I’m going to be performing some tests later to see if this is the case with the 8800. Perhaps timing the transfer of a 1025x1025 NPOT vs a 2048x2048 POT would be a good test.

Because your working set is larger than the working set of the target hardware, you need to do application layer optimizations.

For example, most displays are 2000x1500 pixels or smaller, so you never need all the pixels of a 4000x2000 texture. If you know what the geometry is that you’re drawing, you can upload only the textures that you know will be visible, and you can upload smaller versions, or sub-regions, of textures where you know either that they will be filtered, or that only a region of the texture will be visible.
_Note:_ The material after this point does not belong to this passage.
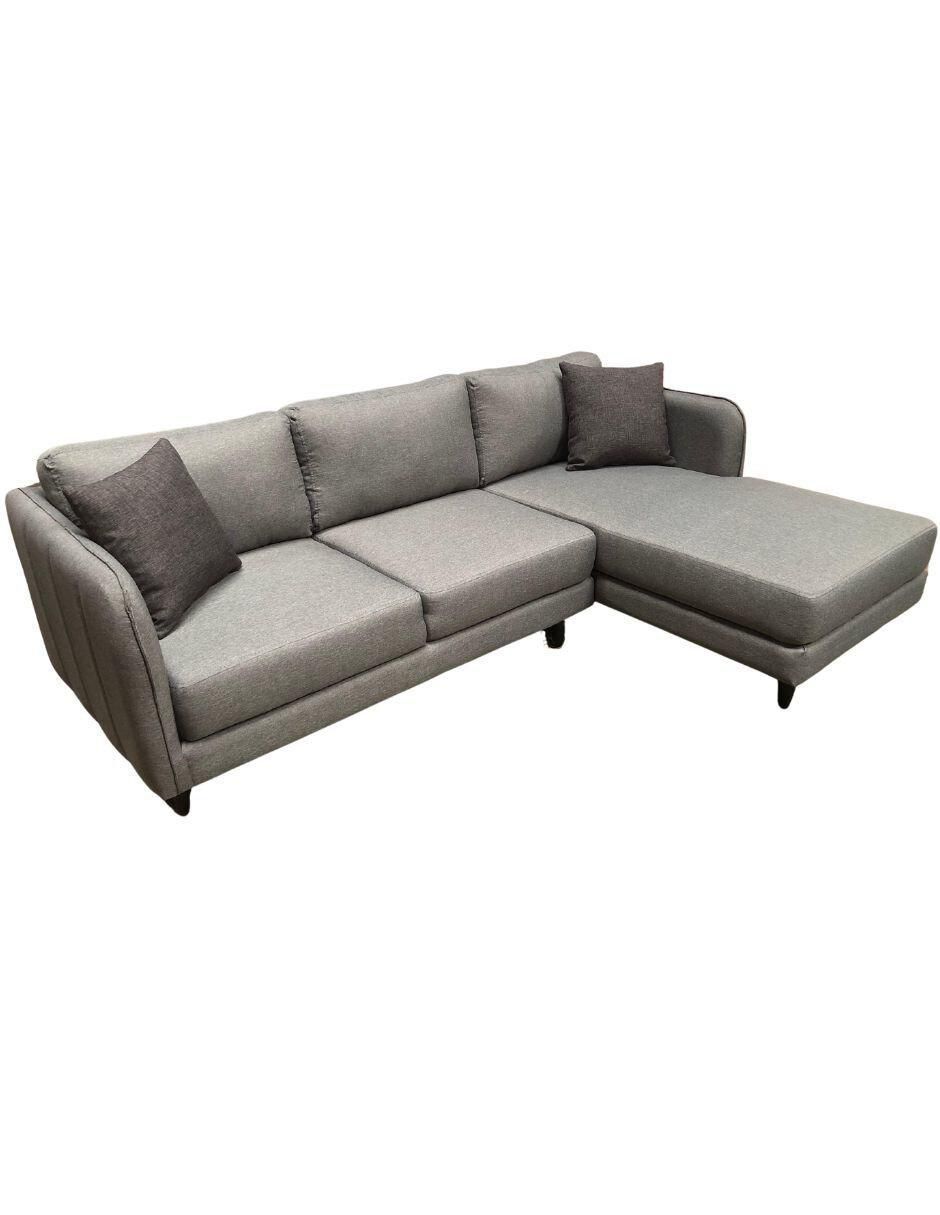 Sala modular derecha de madera 5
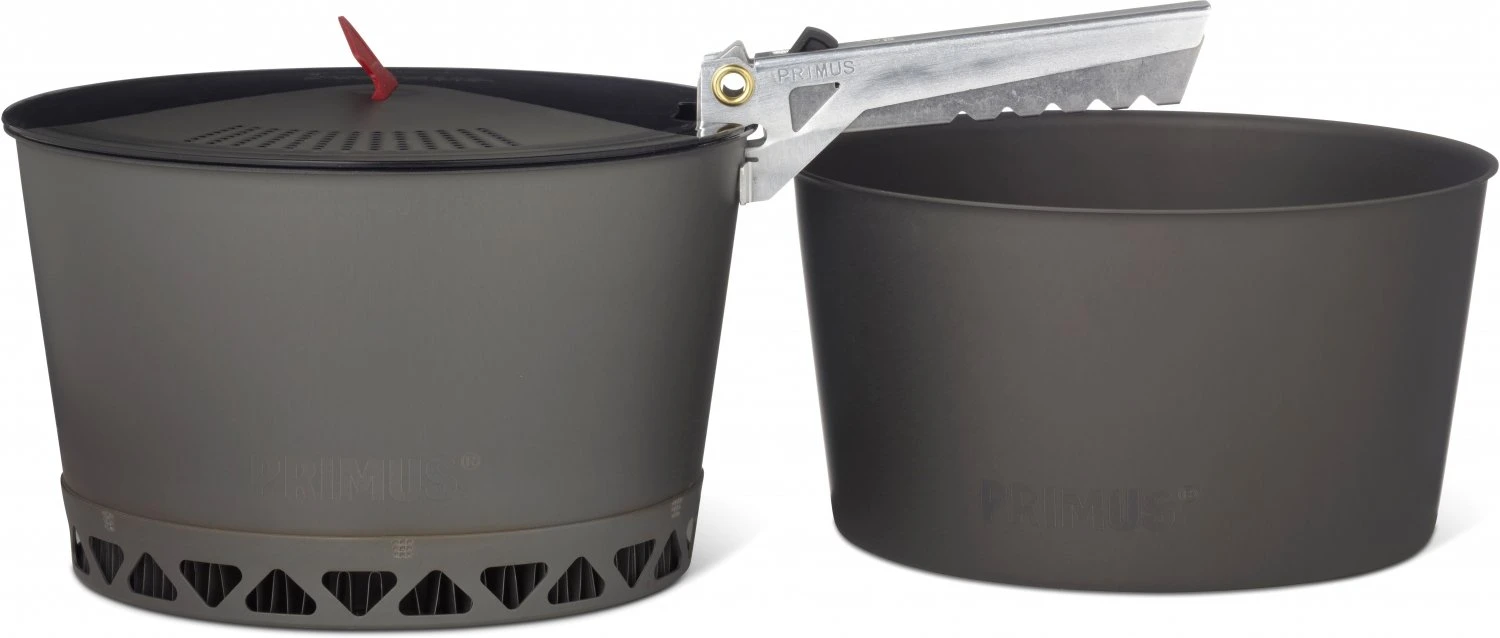 Primus PrimeTech Pot Set 2,3 L Campingkochtopf-Set 5 Primus PrimeTech Pot Set 2,3 L Campingkochtopf-Set – Bild 3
High-performance custom visualization software does these things. The driver writers claim that we “shouldn’t have to,” but clearly, we do. In fact, when you have more textures than can fit in main RAM, you HAVE to go this route, no matter what. Might as well start now.

For example, most displays are 2000x1500 pixels or smaller, so you never need all the pixels of a 4000x2000 texture.

That depends entirely on how you use it. You may not need all of those pixels at any one time, but you do need them to be there.

You may not need all of those pixels at any one time, but you do need them to be there.

Yes – my statement lacked the qualifier “at one time.” In reality, you’ll probably pre-fetch enough of the data for whatever the user is navigating (with some prediction) and make sure that’s available in high-rez. If the user can hyper-space-jump around the data, then drawing pink while you’re demand-paging the data is likely a good idea, too. Or perhaps a lower resolution version of the texture, if you’re not in a situation where it doesn’t matter whether the user knows whether he’s seeing the full resolution image or not (e g, not in medical imaging).

With 23,000x23,000 pictures, no card will do that in RAM anyway, so you might as well start writing your paging and partial mipmapping functions now.

With our current working images (4000x2000) we need at any time all pixels. We can’t give the user low resolution images to work with, because it will end in big inaccuracies in the application process. The application’s workflow demands all texture pixels with nearest interpolation to be given to the user, and letting him mark some pixels, with subpixel accuracy.

So the user goes from a low resolution view of the images (having all images in rectangular disposition (for instance) over the canvas) to a hight detailed view in few senconds (zooming an image to be able to select a point inside a single pixel with an 0.001 subpixel precision at least.

The only way we could follow, is limiting the user’s working set of pictures in layers, setting a number of images limit for the layer, having loaded only the pictures that belongs to the visible layer.

It’s obvius that 23.000x23.000 pictures are too large for any current vram, but we dont reached this point yet. We are designing the algorithms and techniques, keeping an eye in this future scenary, but when we truly support the very high res pictures (actually, aerial pictures) we wouldn’t live with the current 2D texture limitations, and we will have to “tile the tiles” :slight_smile:

P.D: This is an photogrametric application, with metric quality in the measurements, so that’s the reason of having such large images and the importance of subpixel precision and the fast interactivity needed for the user.

Maybe there’s also some lossless texture compression you can use to save some memory. Haven’t tried it myself but apparently it’s supported.